━━━━━ Extracted entries ━━━━━

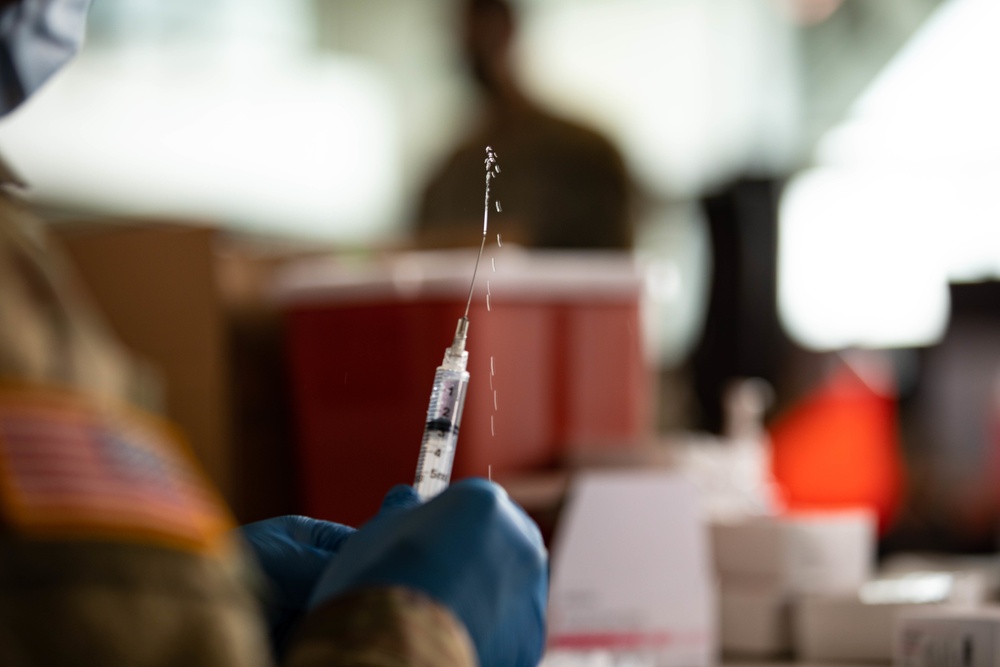 Department of Defense personnel give 100,000 COVID-19 vaccinations in Atlanta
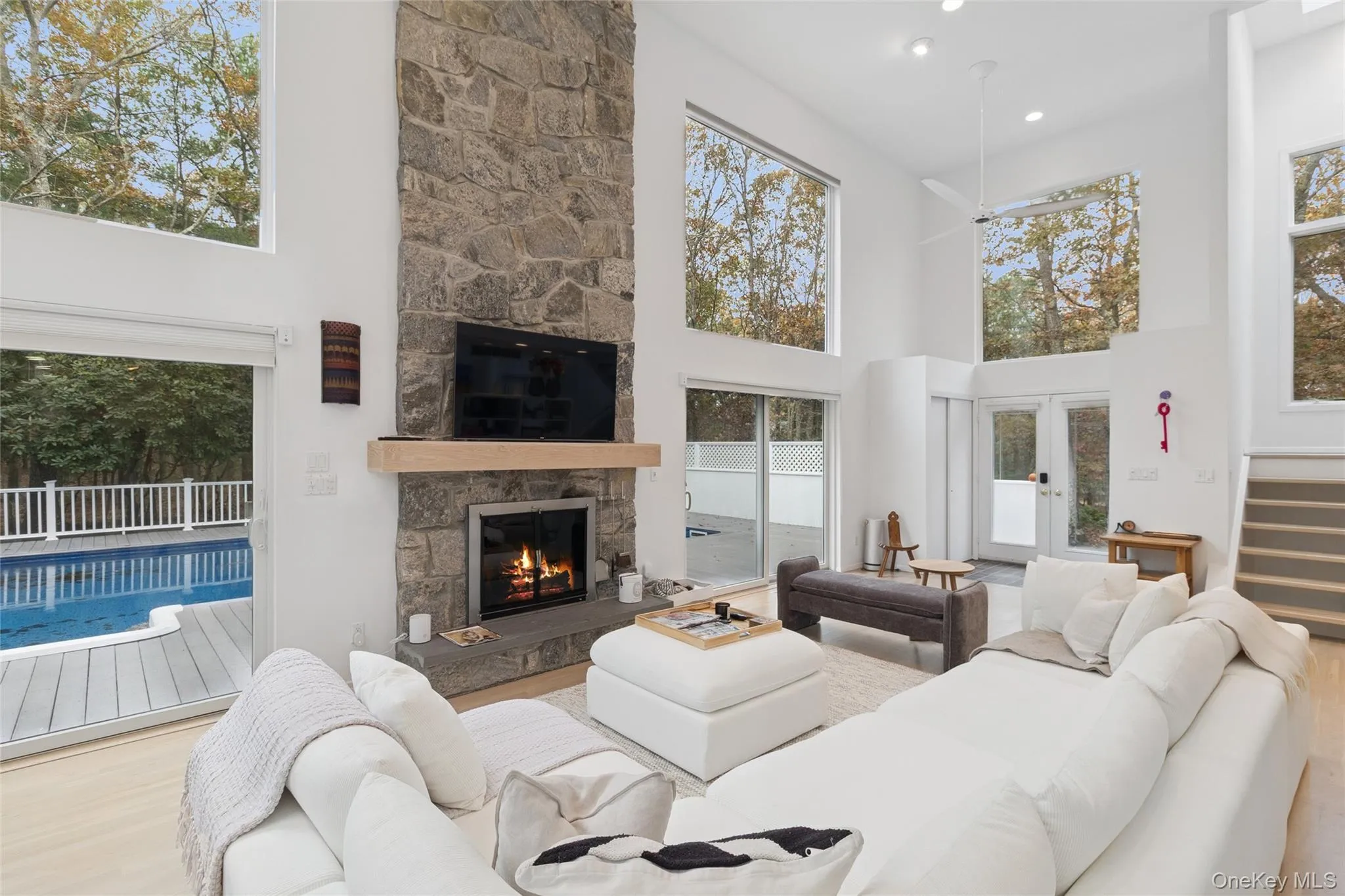 Living room featuring a high ceiling, wood finished floors, a stone fireplace, and ceiling fan Living room featuring a high ceiling, wood finished floors, a stone fireplace, and ceiling fan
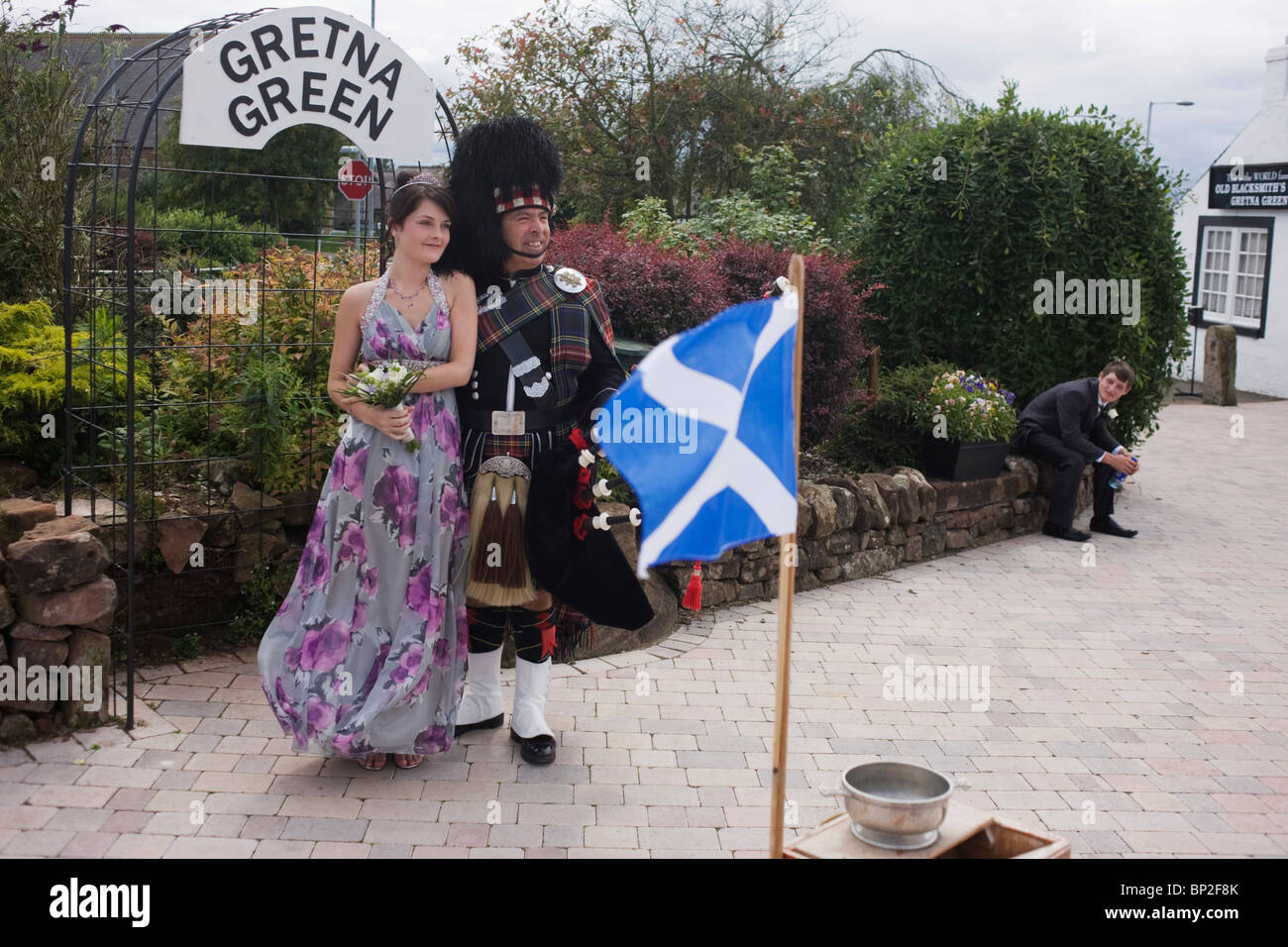 Family stands with Scottish piper at Gretna Green, where Britain's wedding couples converge on for a quickie marriage. Stock Photo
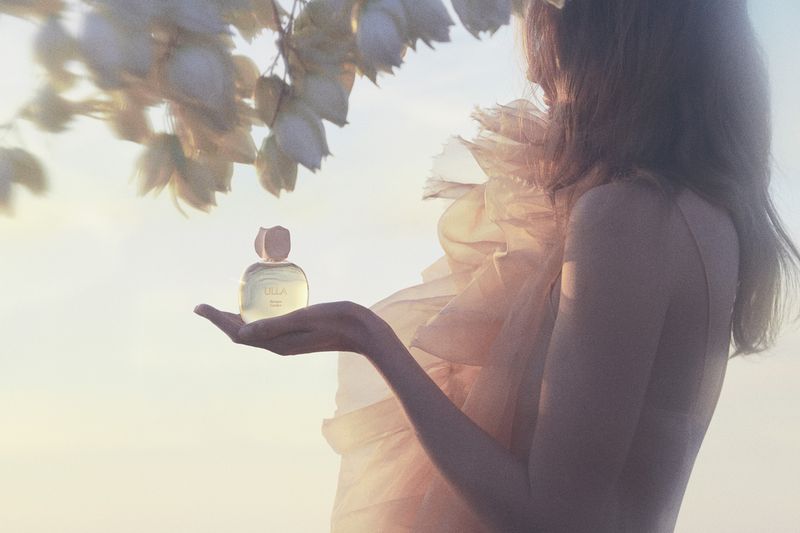 Woman in sheer ruffled dress holding perfume bottle under flowering branches at sunset for Ulla Johnson ULLA eau de parfum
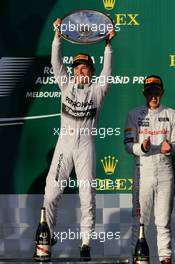 Nico Rosberg (GER), Mercedes AMG F1 Team and Kevin Magnussen (DEN), McLaren F1  16.03.2014. Formula 1 World Championship, Rd 1, Australian Grand Prix, Albert Park, Melbourne, Australia, Race Day.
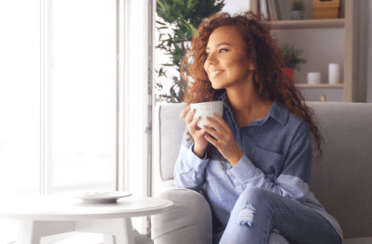 A woman drinks coffee and looks out the window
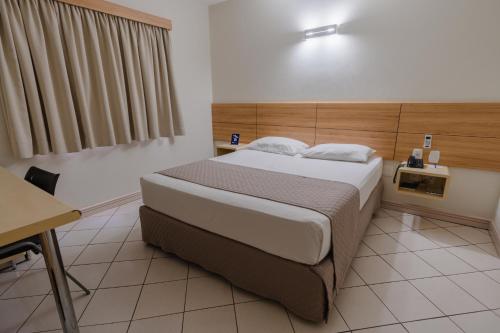 a bedroom with a bed and a table and a desk at Hotel Caiuá Express Umuarama in Umuarama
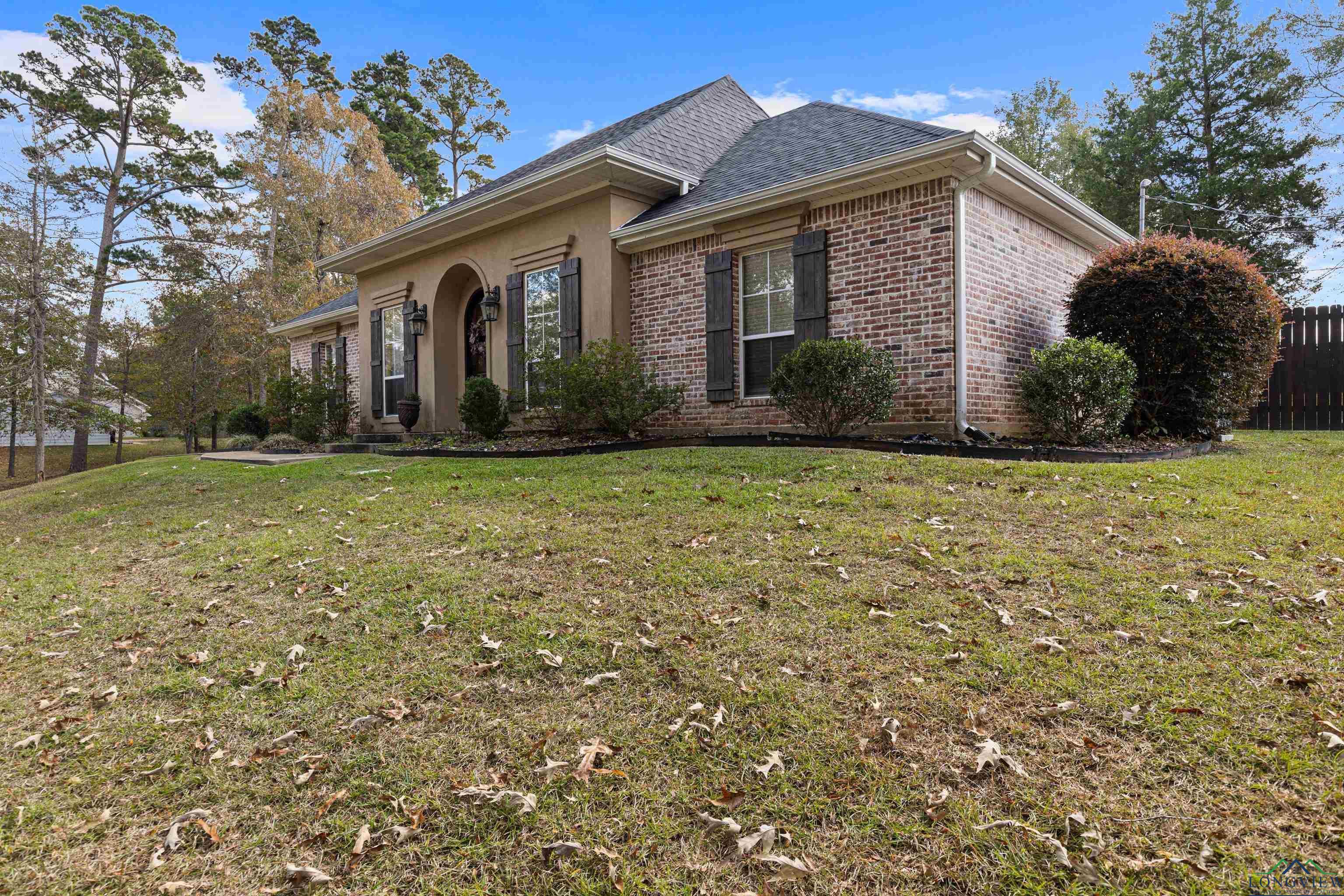 Image 2: View of front of property with brick siding, a shingled roof, and stucco siding, Front Of Structure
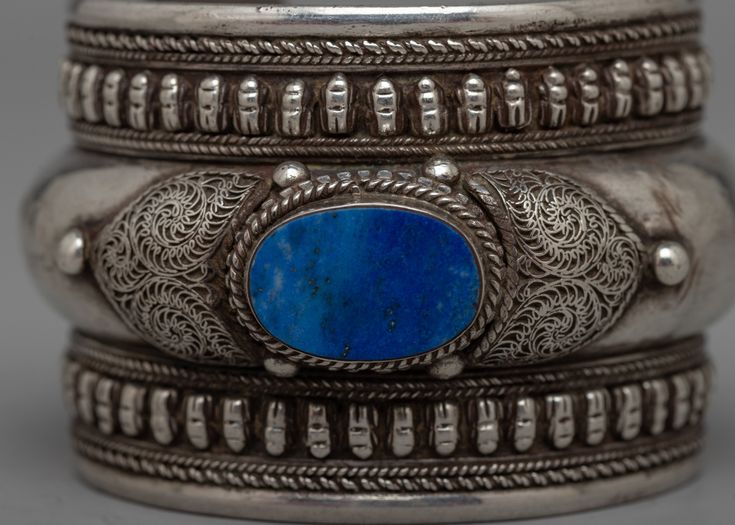 Inlaid Lapis Lazuli Bracelet About The Bracelet: Discover the mesmerizing charm of the carefully made Inlaid Lapis Lazuli Bracelet, which is set on a silver. The rich, deep blue of lapis lazuli is skillfully inlaid into the silver in this gorgeous bracelet, producing an eye-catching, captivating impression. Every section of the bracelet is expertly crafted to accentuate the inherent patterning of the lapis lazuli, guaranteeing that the royal blue tones of the stones contrast magnificently with t Traditional Oval Bracelets As Gift, Traditional Oval Bracelets For Gift, Blue Engraved Jewelry For Ceremonial Occasion, Traditional Oval Bracelet For Gift, Ceremonial Blue Engraved Jewelry, Blue Ceremonial Bracelet Jewelry, Blue Ceremonial Bangle Jewelry, Artisan Engraved Blue Bracelets, Ceremonial Blue Bracelet Jewelry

━━━━━

From the listing above, please give again the lines that begin with the line holding "ceiling fan Living" and go on through the line holding "Image 2: View", exactly, both ends included, minus any picture.

 Living room featuring a high ceiling, wood finished floors, a stone fireplace, and ceiling fan Living room featuring a high ceiling, wood finished floors, a stone fireplace, and ceiling fan
 Family stands with Scottish piper at Gretna Green, where Britain's wedding couples converge on for a quickie marriage. Stock Photo
 Woman in sheer ruffled dress holding perfume bottle under flowering branches at sunset for Ulla Johnson ULLA eau de parfum
 Nico Rosberg (GER), Mercedes AMG F1 Team and Kevin Magnussen (DEN), McLaren F1  16.03.2014. Formula 1 World Championship, Rd 1, Australian Grand Prix, Albert Park, Melbourne, Australia, Race Day.
 A woman drinks coffee and looks out the window
 a bedroom with a bed and a table and a desk at Hotel Caiuá Express Umuarama in Umuarama
 Image 2: View of front of property with brick siding, a shingled roof, and stucco siding, Front Of Structure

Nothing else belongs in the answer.